Records provided:
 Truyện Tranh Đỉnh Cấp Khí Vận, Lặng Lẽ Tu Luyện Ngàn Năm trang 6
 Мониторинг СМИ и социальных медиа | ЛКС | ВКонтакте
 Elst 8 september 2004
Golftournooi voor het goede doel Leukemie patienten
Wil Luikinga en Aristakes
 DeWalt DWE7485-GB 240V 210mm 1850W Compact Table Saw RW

...

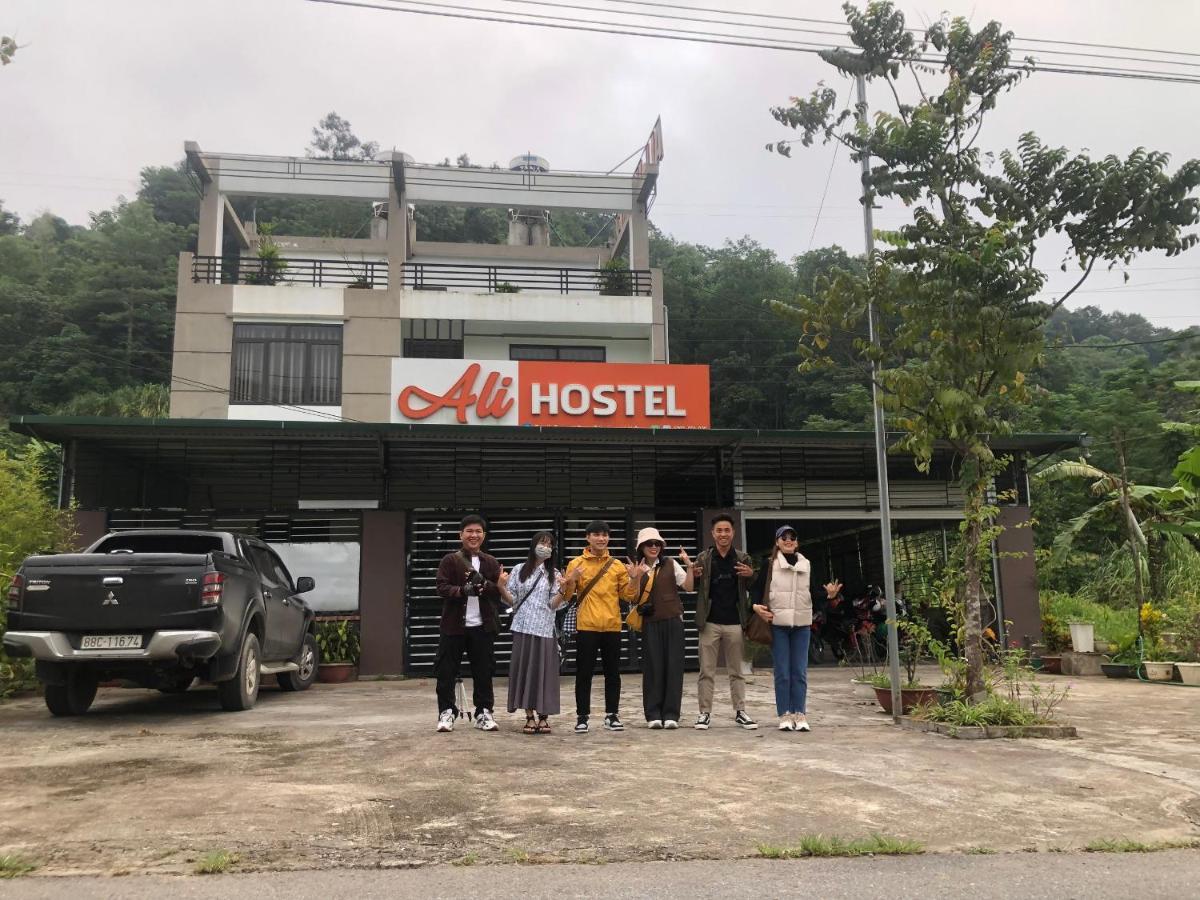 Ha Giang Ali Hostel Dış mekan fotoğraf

What you are asked to do: Transcribe, exactly and without additions, the lines of the records above, beginning with the line that contains "Golftournooi voor het" and ending with the line that contains "DeWalt DWE7485-GB 240V", both included.

Answer box:
Golftournooi voor het goede doel Leukemie patienten
Wil Luikinga en Aristakes
 DeWalt DWE7485-GB 240V 210mm 1850W Compact Table Saw RW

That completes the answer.